▸ DATA SUPPLIED:
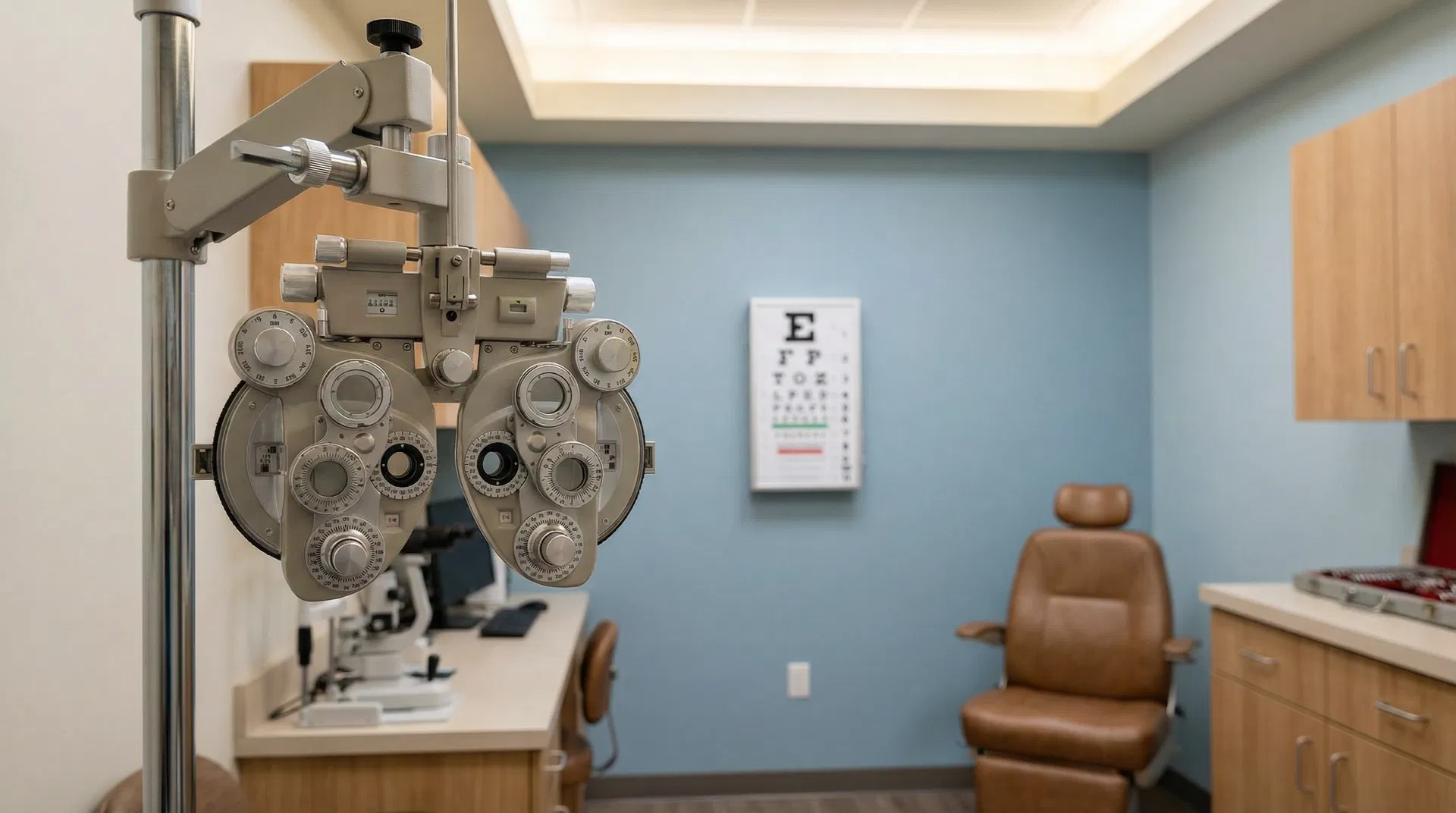 Professioneller Sehtest-Raum mit Phoropter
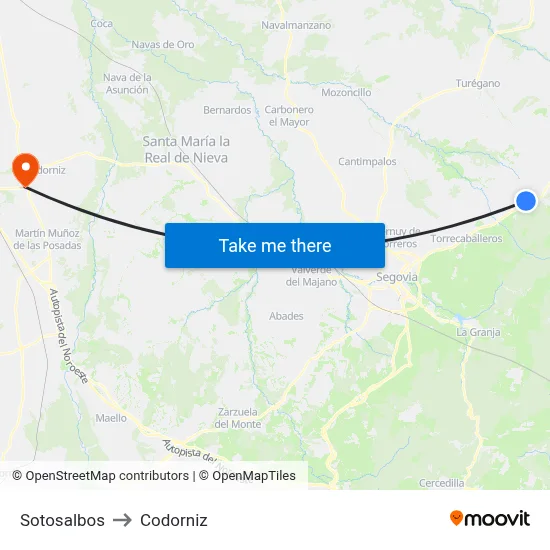 Sotosalbos to Codorniz map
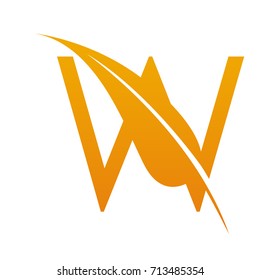 Vector Orange Letter W Botanical Leaf Logo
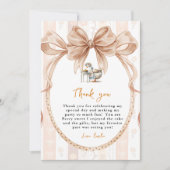 秋のキュートなピーベイビーシャワーの感謝カード 招待状 (正面)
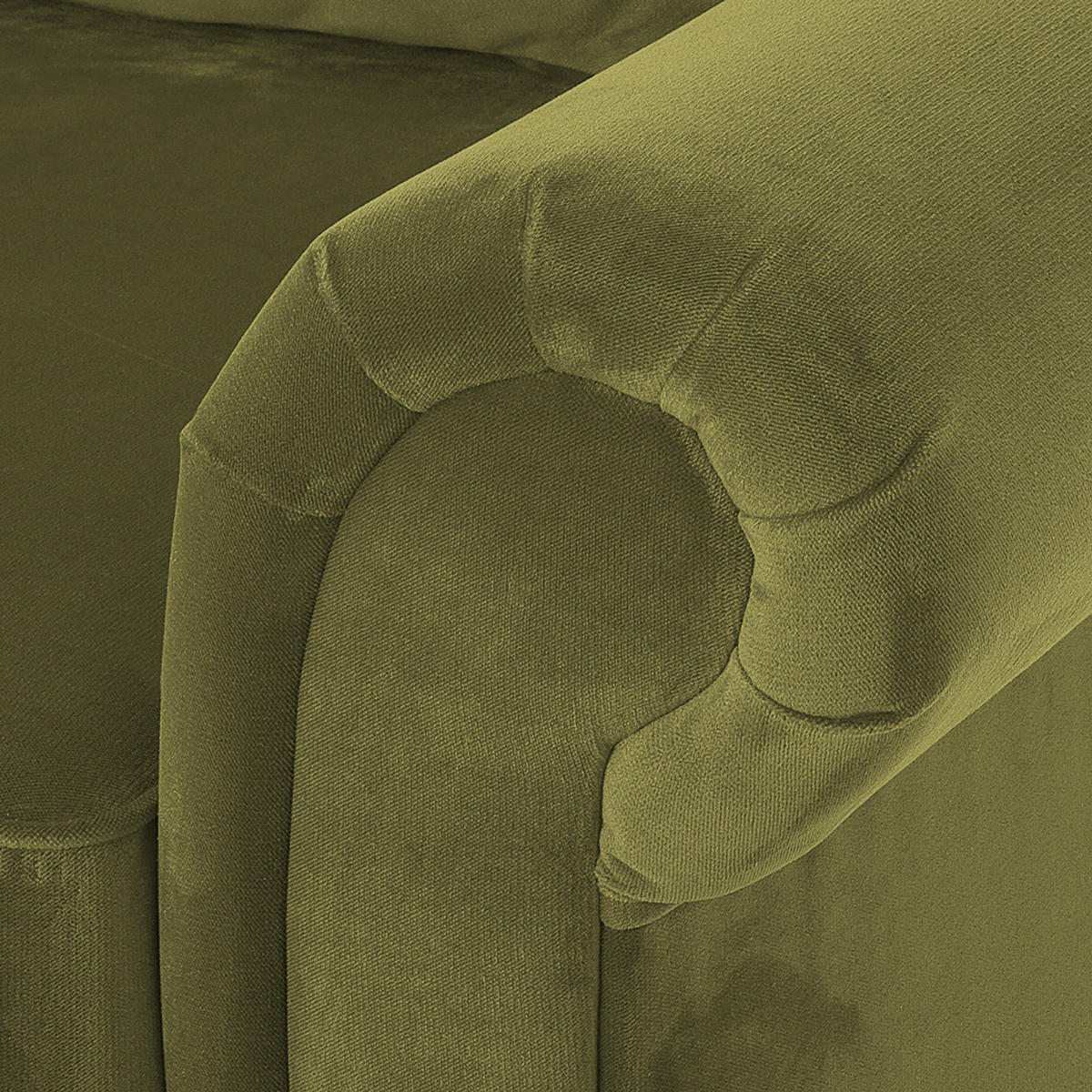 3-SITZER SOFA - Samt - Olivgrün, Textil (202/93/100cm) - home24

▸ WORK INSTRUCTIONS:
The listing above, line by line: print it exactly, but not its pictures.

▸ COMPLETED TASK:
 Professioneller Sehtest-Raum mit Phoropter
 Sotosalbos to Codorniz map
 Vector Orange Letter W Botanical Leaf Logo
 秋のキュートなピーベイビーシャワーの感謝カード 招待状 (正面)
 3-SITZER SOFA - Samt - Olivgrün, Textil (202/93/100cm) - home24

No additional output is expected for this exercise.